Marie Kox fait la même analyse : «Rétrospectivement, nous nous sommes dit que nous avions vendangé les crémants un peu trop tard en 2018, il ne faudra pas faire la même erreur cette année. Si les raisins sont mûrs fin août, nous serons prêts pour faire un premier passage destiné au crémant. Mais nous laisserons les grappes qui nous serviront à produire les vins tranquilles pour les récolter plus tard.»
Il y a beaucoup de chair et peu de jus dans les grains
Un choix cornélien
D’autres vignerons estiment que la patience pourrait aussi avoir du bon. S’il ne pleut pas d’ici là, ils pourraient attendre jusqu’au dernier moment en espérant que les averses s’invitent pour faire gonfler les baies. Ils auraient alors de meilleurs rendements et, peut-être, des raisins plus intéressants… avec le risque, aussi, de devoir composer avec des surmaturités compliquées à gérer lors de la vinification.
À travers cette simple question de la date des vendanges, on se rend compte à quel point le vigneron est confronté à des choix difficiles et pourtant définitifs. S’il se rend compte qu’il aurait dû attendre ou, au contraire, anticiper, c’est déjà trop tard et il devra composer avec ce qu’il a en cave. Il aura alors un goût amer en bouche, celui d’avoir travaillé d’arrache-pied toute l’année pour avoir les plus beaux raisins possibles, mais de ne pas avoir pris la meilleure décision au pire moment.
L’évolution du climat force les vignerons à repenser leurs méthodes de travail et leur calendrier. S’il est sans doute plus facile pour un vigneron indépendant de s’adapter aux nouvelles conditions, puisqu’il est seul à la barre de son domaine, il ne faut pas sous-estimer la difficulté de ce choix pour les plus grosses structures. Chez Vinsmoselle, par exemple, le début des vendanges a toujours été fixé au 15 septembre au plus tôt, sauf conditions très exceptionnelles (le 10 août en 2018). Mais puisque le crémant est le fer de lance de la coopérative, il y a de fortes chances que les portes des caves s’ouvrent un peu plus tôt cette année.
En France, des récoltes précoces
dans tous les vignobles
Dans le Languedoc-Roussillon, les premiers coups de sécateurs ont été donnés dès la fin du mois de juillet et tous les vendangeurs étaient au travail dès les premiers jours d’août pour récolter muscat, chardonnay et grenache blanc. Du jamais-vu. En Occitanie, les vendanges ont débuté dès le 10 août, notamment pour le chardonnay, ce qui constitue aussi un record.

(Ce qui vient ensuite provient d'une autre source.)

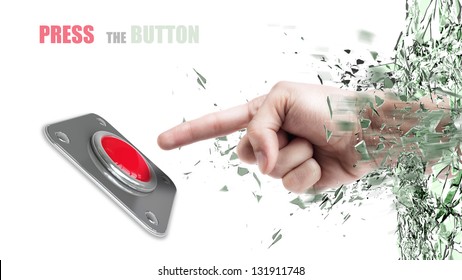 Hand press on big Red button out of cracked glass isolated on white background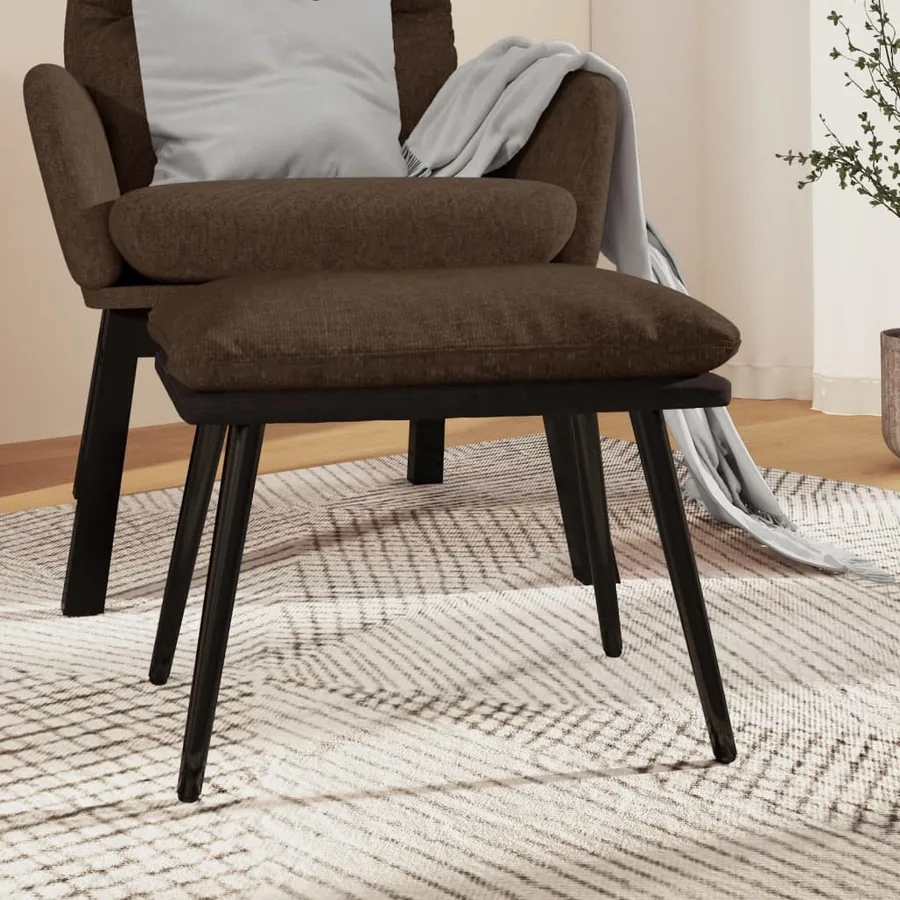 Repose-pied Marron 45x29,5x35 cm Tissu et similicuir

Mais cette précocité a son revers, les vignerons constatant une grande variété de vigueur dans leurs parcelles, selon les expositions et les ressources en eau.
Dans le Bordelais, les premiers raisins ont été coupés mardi dernier, le 16 août, deux jours plus tôt que le précédent record qui datait de 2003, autre année de canicule. Ces vendanges bordelaises ont débuté par le sauvignon. Les raisins qui seront utilisés pour élaborer le crémant sont aussi en cours de récolte.